Guido,

I think you intended that message for me, not Brian. Thanks much for the 
feedback. I have been reading about Kubernetes, but I got discouraged when I 
saw that they dropped Docker support, since Docker seems to be the most popular 
containeriziation technology. Also, most of the Kubernetes tutorials I saw on 
YouTube seem to approach it as a dev platform, and we're not developers.

-Eric


> -----Original Message-----
> From: Guido Jäkel <g.jae...@dnb.de>
> Sent: Monday, June 28, 2021 2:43 PM
> To: Brian Wolfe <wolfebrian2...@gmail.com>
> Cc: Tomcat Users List <us...@tomcat.apachre.org>
> Subject: Re: 500 instances of tomcat on the same server
>
> Dear Brian,
>
> please take the time to read about Linux Kernel namespaces as the technical
> base of containers.

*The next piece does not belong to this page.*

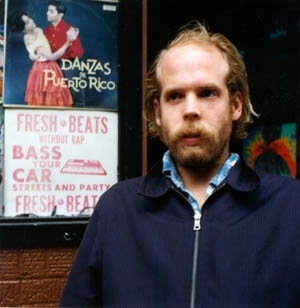 bonnie-prince-billy-standing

It's like two viewpoints to one thing. Take the network
> namespace as an example: From the conceptual point of view it looks like
> you have N indipended, functional identical "IP Stacks". But from the
> technical point of view, it's just the "well known" single instance just with 
> an
> additional field at all items that need this (packets, routing tables, ...) 
> to take
> a tag value that identify the namespace instance.
>
> You may use namespaces with the raw tools like enterns or with LXC or
> Dockers. During runtime of a started container, there's nothing more you
> have to trust but the kernel because for the basics, there's no need of
> additional userland processes to keep a container running.
>
> To run an application in a "container", you start it with a bunch of 
> instances of
> this namespaces, at least the process namespace. You'll probably take the
> same name for the technical namespace instances - from the conceptual
> point of view this is the name of the container.
>
> Most will start something like the init binary located in a directory tree of 
> a
> small Linux distribution userland. This may "boot" common services and the
> result may act like an "indipended platfrom". But you may also launch just
> single high-level applications like a JVM running a Tomcat.
>
> That's very close to your architecture, but much more easy to handle. For the
> network stack e.g. you may use the same ports for listeners and have the full
> range of ports available for connections in each namespace. There are
> different ways available to route the traffic, but in any case you may use
> individual IPs in each namespace.
>
> greetings
>
> Guido
>
> On 2021-06-28 19:22, Brian Wolfe wrote:
> > Generally, I'd agree too. We are considering using containers, but I'm
> > not yet sure what that buys us in terms of stability.